The small number of women religious within the Anglican church have faced similar freedoms and constraints. Kate Clutterbuck (Stewart, ADB) used her membership of a religious order as a base from which to build a career in child welfare but found herself sidelined by the church and forced to work more closely with government later in her career. Appointed as a deaconess within the predominantly evangelical diocese of Melbourne, Emma Silcock (Jolliffe, ADB; Henningham, 'Sister Esther', AWR) went to the neighbouring diocese of Ballarat to take the vows that enabled her to become a fully professed sister (Sister Esther). Others followed in her path, enabling her to reconstitute the inner-city mission to which she had been appointed as the Community of the Holy Name in 1912. Over sixty years later sculptor Wendy Solling followed a similar path. Taking the name of Sister Angela, she founded a small community outside Newcastle, which was to provide an important site of retreat and inspiration for the women who led the campaign for women's ordination towards the end of the century.

The influence of the doctrine of headship ensured that most Anglican women seeking to exercise leadership in the church became deaconesses, a lower order of ministry that remained firmly under the authority of male clergy. While deaconesses and other women who went to the missions were able to exercise high levels of autonomy in the field, at home they found that their opportunities for ministry were constrained, with the Pauline injunction against women speaking in public frequently invoked. The church recognised that 'the tremendous development of women's education and opportunities' (Advocate, 2 November 1922) had created a group of women anxious to step outside their traditional roles, and hoped that the institution of orders of deaconesses would satisfy this demand without threatening existing male control. Returning from mission work in China, Deaconess Mary Andrews occupied several leadership positions in Sydney, Although she felt constrained by the limits on her ministry, she rationalised these as God's will, concluding, 'when God calls you he is utterly faithful and he will finish what he has set out to do' (Lamb, 207).

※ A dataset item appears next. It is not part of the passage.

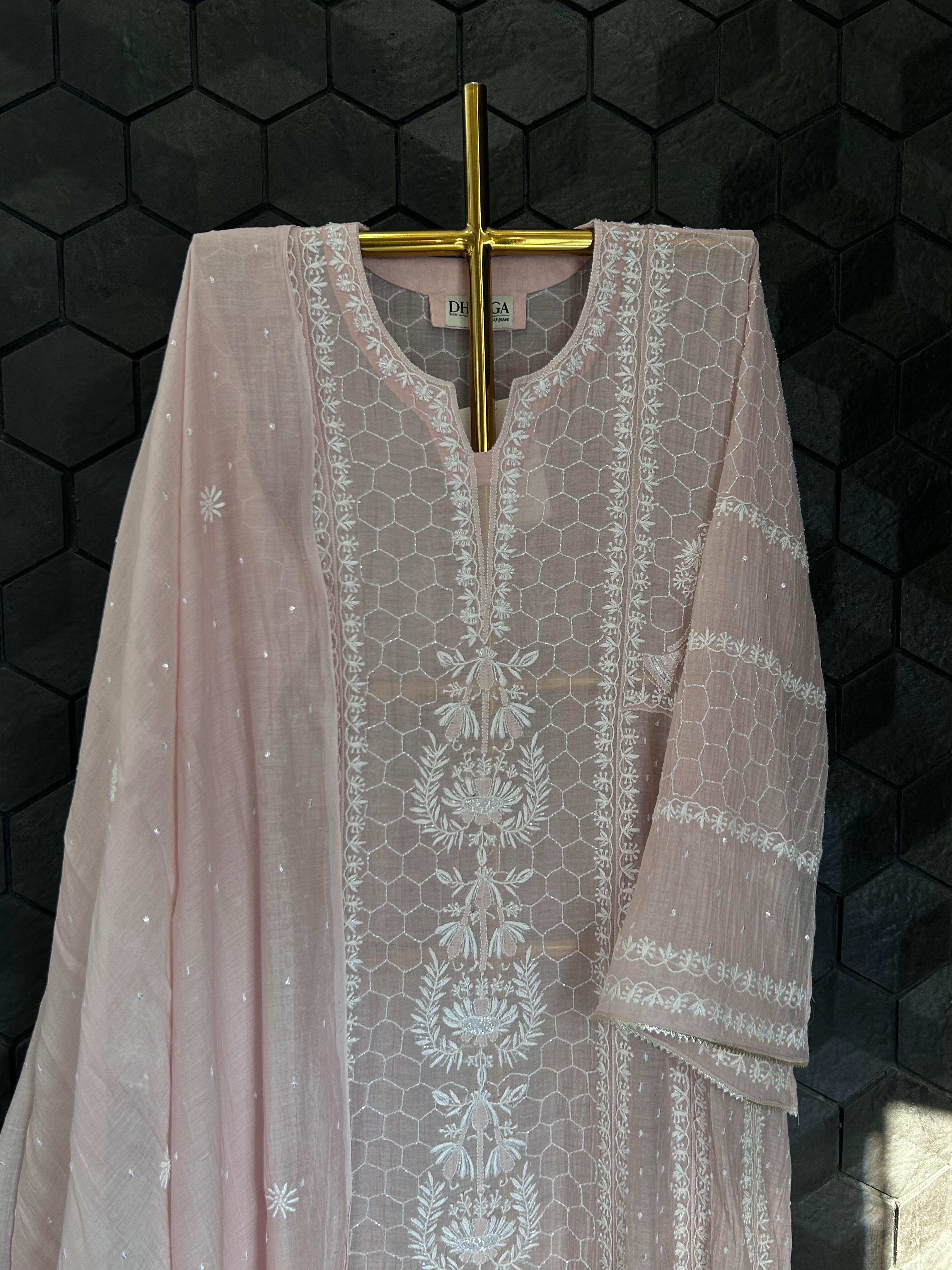 Pink mul chanderi chikankari anarkali set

Melbourne's Elizabeth Alfred was less content. She had become a deaconess in 1944 and rose to the position of head deaconess for the diocese in 1968 but was frustrated by the failure of all but the diocese of Gippsland to recognise deaconesses as equal to male deacons. After encountering women priests on a visit to North America in 1975, she recognised that she, too, was called to the priesthood. Addressing the church's General Synod in 1979, she declared: 'If I had been born a boy I would have been allowed to test my vocation 40 years ago' (Sydney Morning Herald, 19 August 1981), but she had to wait until 1986 for her calling to be recognised. In the other mainstream Protestant denominations that had established orders of deaconesses in the early years of the 20th century, a similar dynamic prevailed, with women like the Methodist, Coralie Ling, who had begun their careers as deaconesses, proceeding to ordination when the option became available.

In other traditions, opportunities for women to enter the religious life have been more limited. Prior to World War II, the number of Orthodox Christians was small, so there was no attempt to replicate the religious orders that existed in the home countries. The first woman to be professed was Coralia Christides, who had founded the Christian Ladies and Girls Greek Orthodox Society of Australia shortly after she arrived in Australia at the beginning of World War I and was finally professed in 1971. By 2013, there were seven communities associated with the various branches of Orthodoxy in Australia but numbers in each were extremely small. Buddhism, too, has monasteries for women in several states, the largest of which is the Nan Tien Temple south of Wollongong, founded by nuns from Taiwan in the 1990s and an influential centre in contemporary Buddhism. However, in some of these monasteries there have been tensions, as Western women have found it difficult to accept the lesser role accorded to them by overseas trained nuns (Adam, 142).

Lay Leadership

From the mid-19th century, religious organisations had provided leadership opportunities for women. These leadership opportunities gained social sanction because they may have extended, but did not transgress, accepted notions of women's place. Many philanthropic organisations had a religious base, while more specifically religious organisations for women, which developed within and across denominations, provided opportunities for leadership on a local, national and international scale. Concerns in the aftermath of World War I that religion was becoming feminised, and hence less attractive to men, had the potential to constrain the development of women's leadership, but this potential was never realised as women, freed by smaller families and greater access to household technology, utilised their increasing levels of education to strengthen such organisations.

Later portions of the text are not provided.